Once the images are set aside, print the remaining lines below exactly.

— Raw data —
........

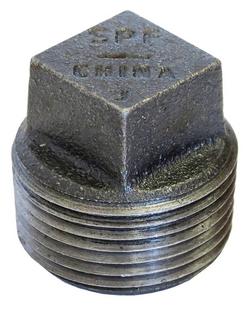 1 in. Threaded 300# Black Ductile Iron Plug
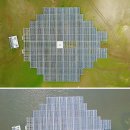 대조태양광발전소 이미지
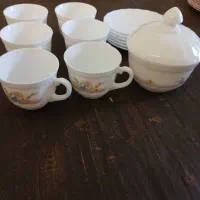 فنجان ارکوپال با قندان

........

— Exercise result —
 1 in. Threaded 300# Black Ductile Iron Plug
 대조태양광발전소 이미지
 فنجان ارکوپال با قندان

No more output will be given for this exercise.